┌──

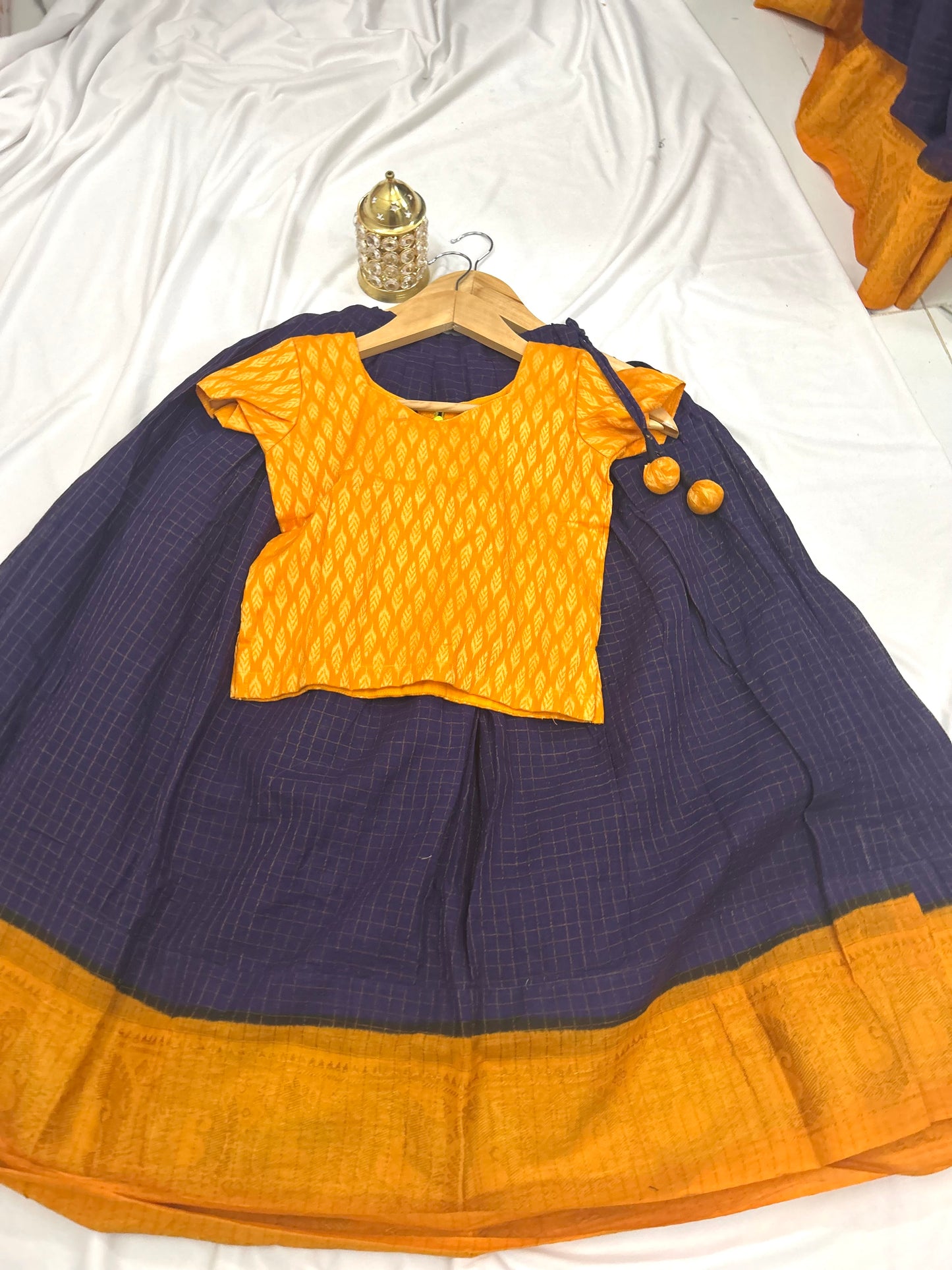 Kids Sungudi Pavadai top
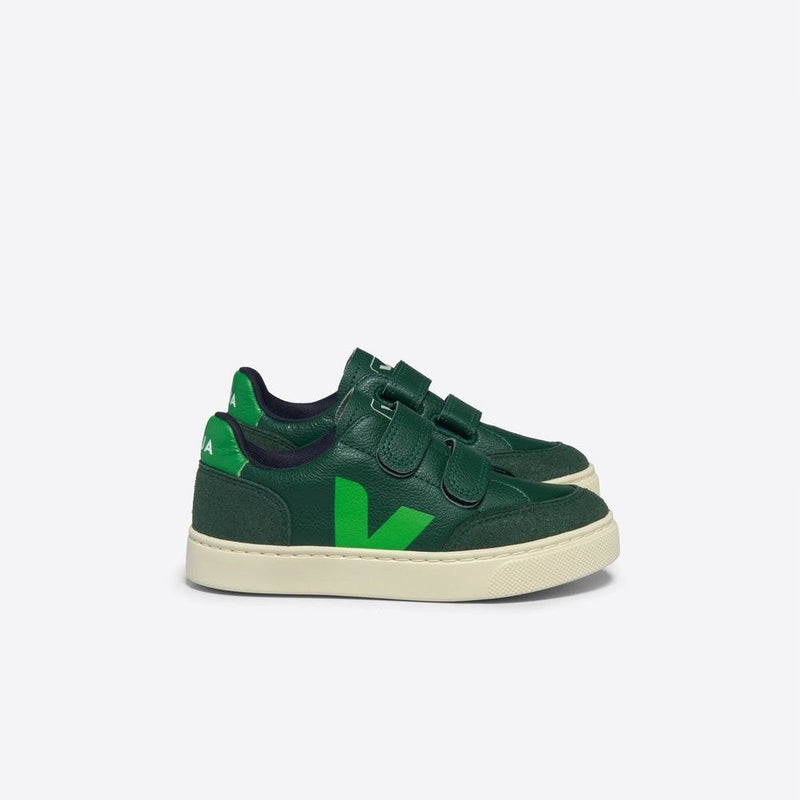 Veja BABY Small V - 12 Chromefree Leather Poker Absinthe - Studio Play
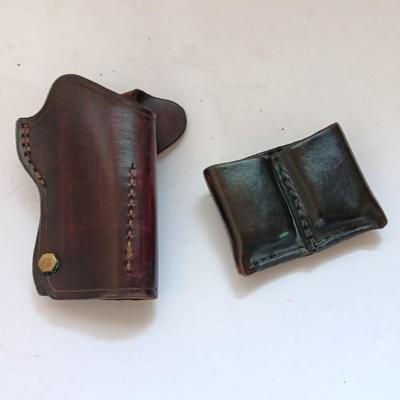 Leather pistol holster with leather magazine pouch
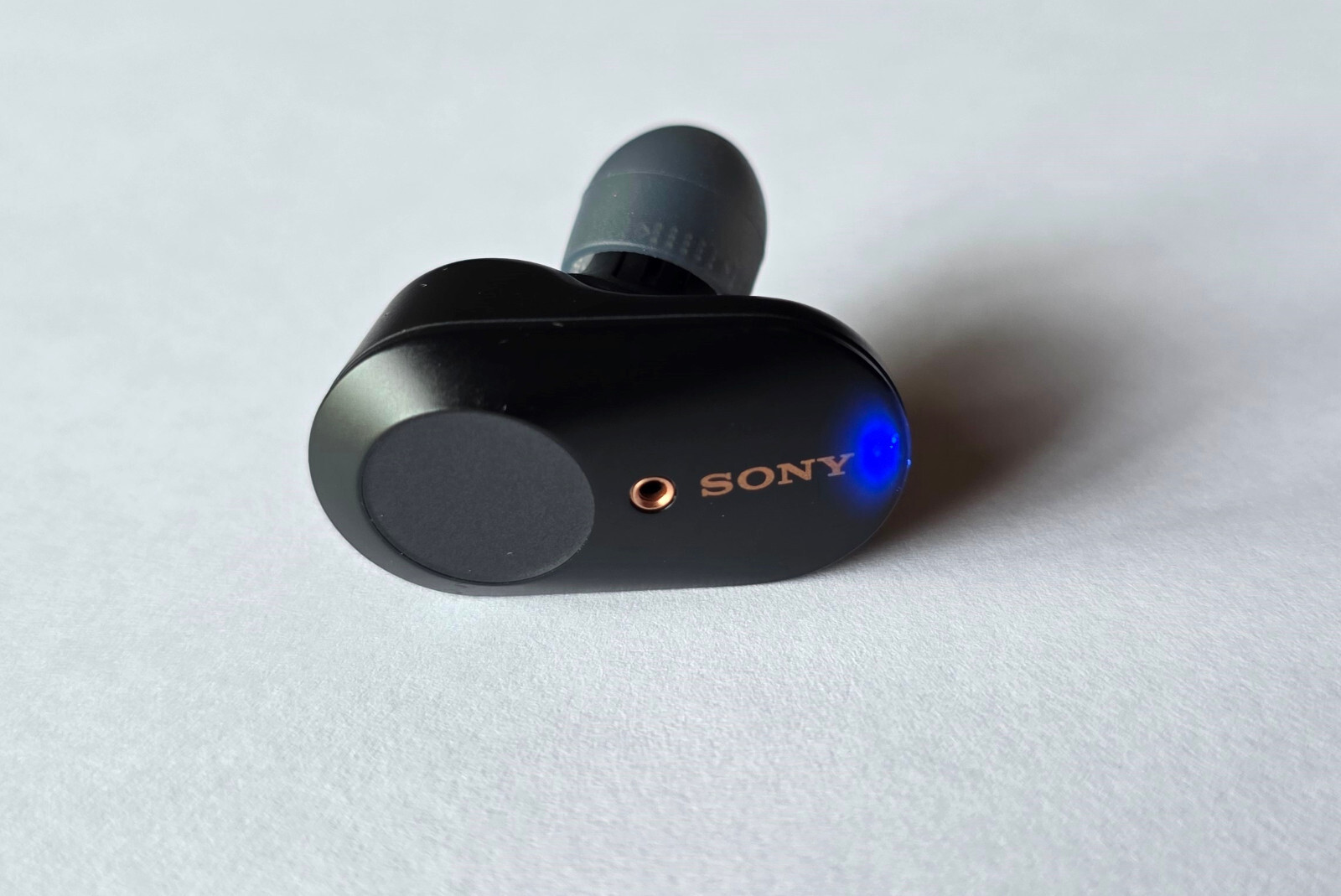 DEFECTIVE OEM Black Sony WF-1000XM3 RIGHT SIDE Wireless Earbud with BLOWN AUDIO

└──

ABOUT THIS EXERCISE » The listing above must be retyped word for word, without the pictures.

TASK ANSWER »
 Kids Sungudi Pavadai top
 Veja BABY Small V - 12 Chromefree Leather Poker Absinthe - Studio Play
 Leather pistol holster with leather magazine pouch
 DEFECTIVE OEM Black Sony WF-1000XM3 RIGHT SIDE Wireless Earbud with BLOWN AUDIO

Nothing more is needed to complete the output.